Department of Statistics, University of California, Los Angeles, CA, USA.
BMC Bioinformatics. 2012 Aug 16;13:205. doi: 10.1186/1471-2105-13-205.
Variations in DNA copy number carry information on the modalities of genome evolution and mis-regulation of DNA replication in cancer cells. Their study can help localize tumor suppressor genes, distinguish different populations of cancerous cells, and identify genomic variations responsible for disease phenotypes. A number of different high throughput technologies can be used to identify copy number variable sites, and the literature documents multiple effective algorithms. We focus here on the specific problem of detecting regions where variation in copy number is relatively common in the sample at hand. This problem encompasses the cases of copy number polymorphisms, related samples, technical replicates, and cancerous sub-populations from the same individual.
We present a segmentation method named generalized fused lasso (GFL) to reconstruct copy number variant regions.

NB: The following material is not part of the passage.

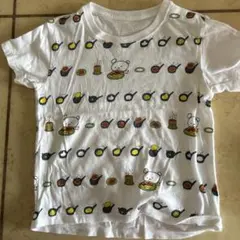 【送料込み】しろくまちゃんのほっとけーきTシャツ 100cm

GFL is based on penalized estimation and is capable of processing multiple signals jointly. Our approach is computationally very attractive and leads to sensitivity and specificity levels comparable to those of state-of-the-art specialized methodologies. We illustrate its applicability with simulated and real data sets.

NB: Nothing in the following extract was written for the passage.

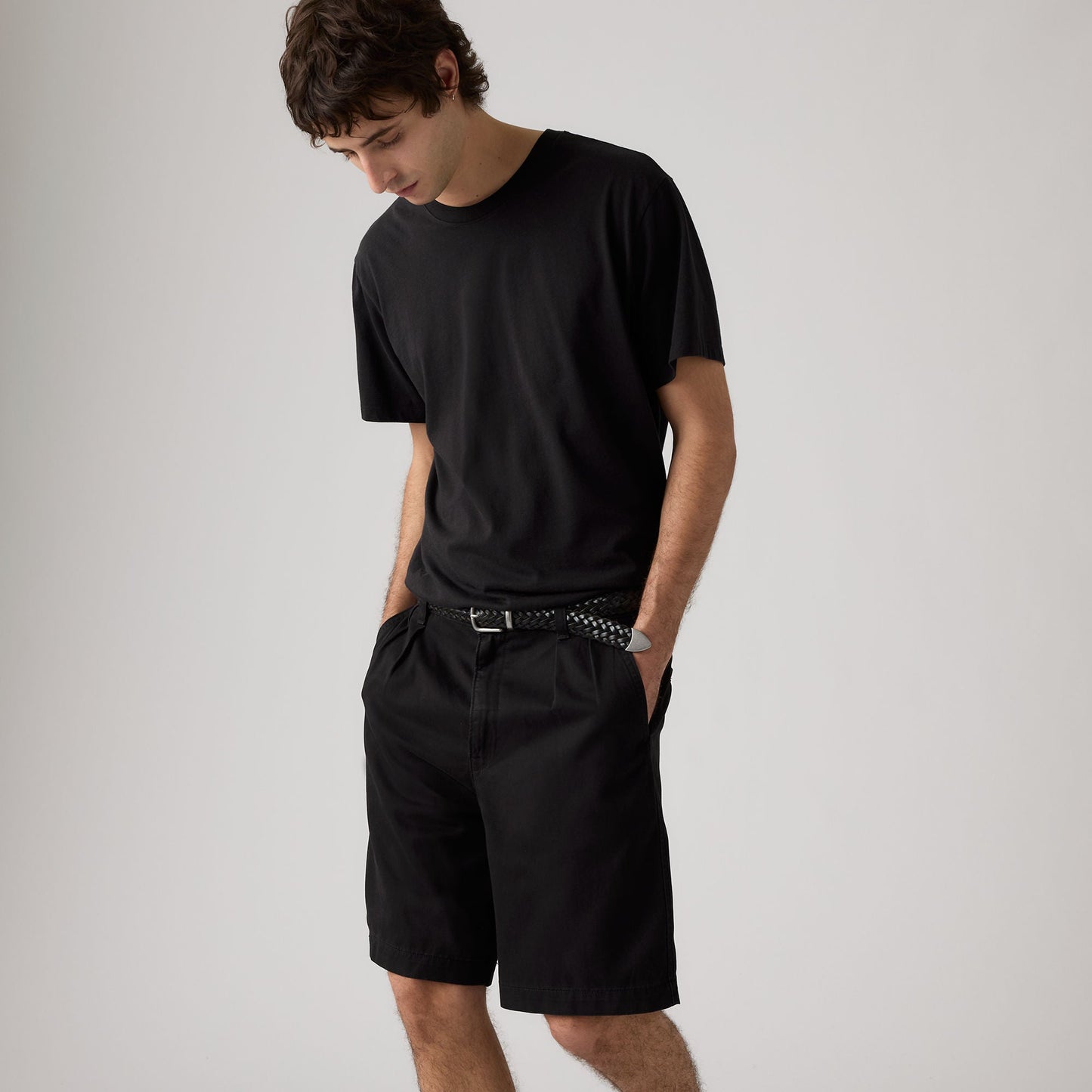 Levi's® Men's Baggy Pleated Shorts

The flexibility of our framework makes it applicable to data obtained with a wide range of technology. Its versatility and speed make GFL particularly useful in the initial screening stages of large data sets.
DNA 拷贝数的变化携带了基因组进化和癌细胞中 DNA 复制失调的方式信息。对其进行研究有助于定位肿瘤抑制基因,区分癌细胞的不同群体,并识别导致疾病表型的基因组变异。有许多不同的高通量技术可用于识别拷贝数可变位点,并且文献中记录了多种有效的算法。我们在这里关注的是在手头样本中检测拷贝数变化相对常见的区域的具体问题。这个问题包括拷贝数多态性、相关样本、技术重复和来自同一个体的癌症亚群的情况。
我们提出了一种名为广义融合套索(GFL)的分割方法,用于重建拷贝数变异区域。GFL 基于惩罚估计,能够联合处理多个信号。我们的方法在计算上非常有吸引力,并且可以达到与最先进的专业方法相当的灵敏度和特异性水平。我们使用模拟和真实数据集来说明其适用性。
我们的框架的灵活性使其适用于各种技术获得的数据。其通用性和速度使得 GFL 在大型数据集的初始筛选阶段特别有用。